How can teachers best communicate new approaches used in learning and teaching that pupils are being exposed to so that we can gain understanding, reinforcement, repetition and support from parents?
Background
At Peebles High School we are currently running a course on metacognitive skills, (thinking about thinking). This is being done through the approaches of Instrumental Enrichment, Philosophy for Children and Enterprise. We are training staff, exposing pupils in dedicated lessons for S1 and supporting the spread of these ideas into all lessons and all year groups.
Techniques to improve thinking and learning work best with reinforcement and repetition but as the current approaches are different from those of the past how can we engage the support of parents who have not experienced these approaches themselves?
Please spare a few moments to answer this question by clicking on the link below so that we can get your ideas on how we can best communicate with yourselves and gain support from the parental body.
Thinking, like climbing, can be done well or poorly. There are the experts whose thinking takes them to academic, artistic and technological heights; the proficient, whose thinking helps them negotiate life’s up and downs; and the novices, who are fortunate if they escape injury on the stairs. Happily, novice thinkers can become more expert because thinking skills like climbing, can be learned, practised and improved.

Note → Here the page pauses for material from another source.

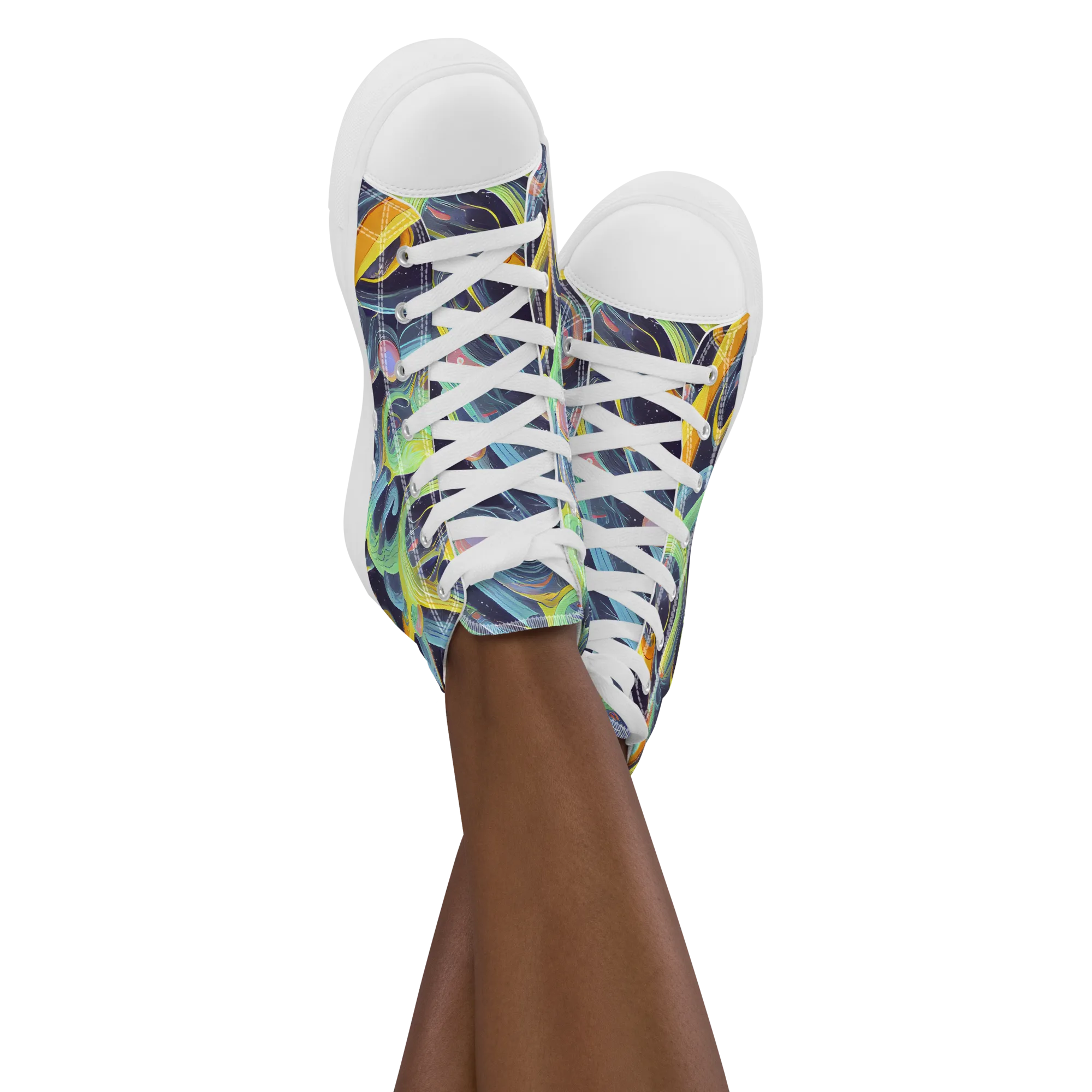 Interstellar Flow on Women's High Top Canvas Shoes — Front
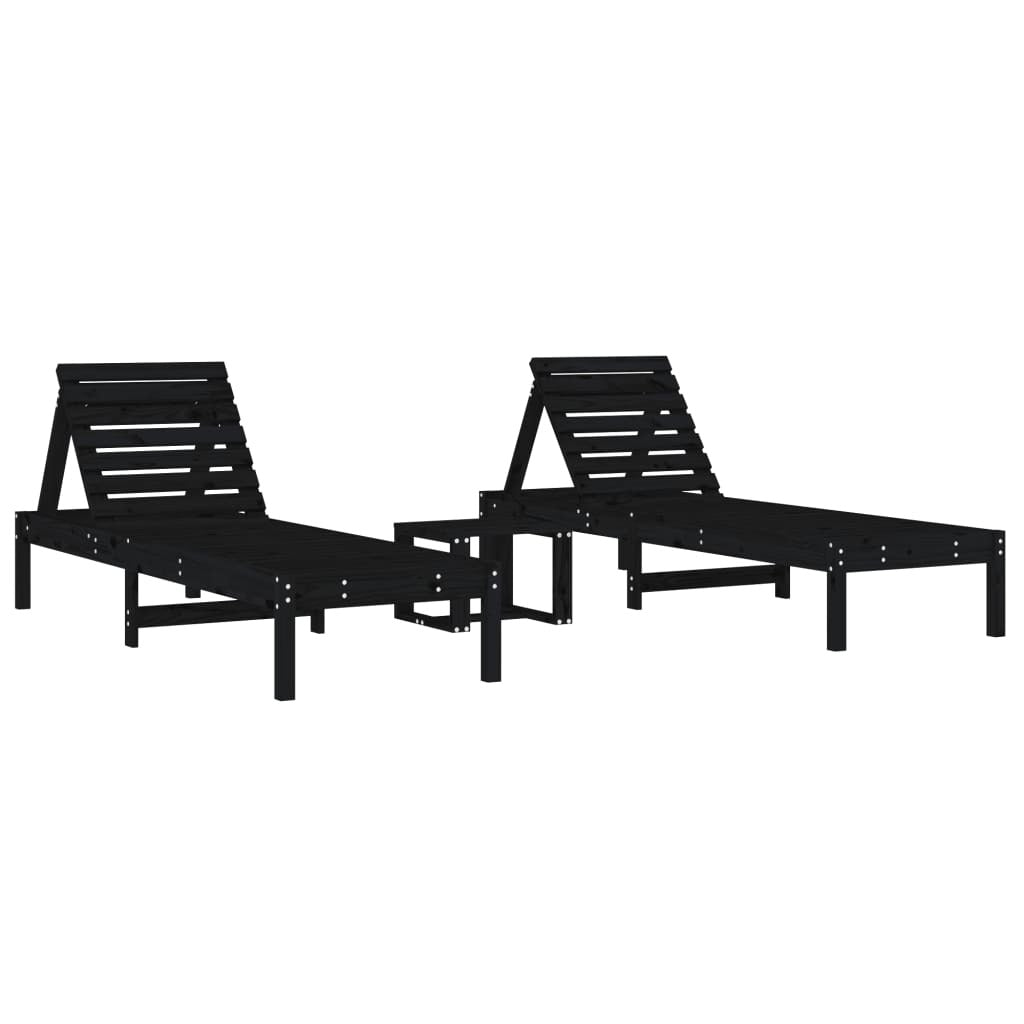 vidaXL Sun Loungers 2 pcs with Table Black Solid Wood Pine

Teaching pupils to think about being more precise, not to give up, think about issues from varying views, work independently and in teams, stick to timescales, solve problems creatively, etc.
For example understanding how one phenomenon is similar or different from another helps you to describe it clearly and associate it with other related information. So to develop pupils ability to process information you can ask students to pick the odd one out from three words or pictures on the board. (Remember there is always more than one possible answer).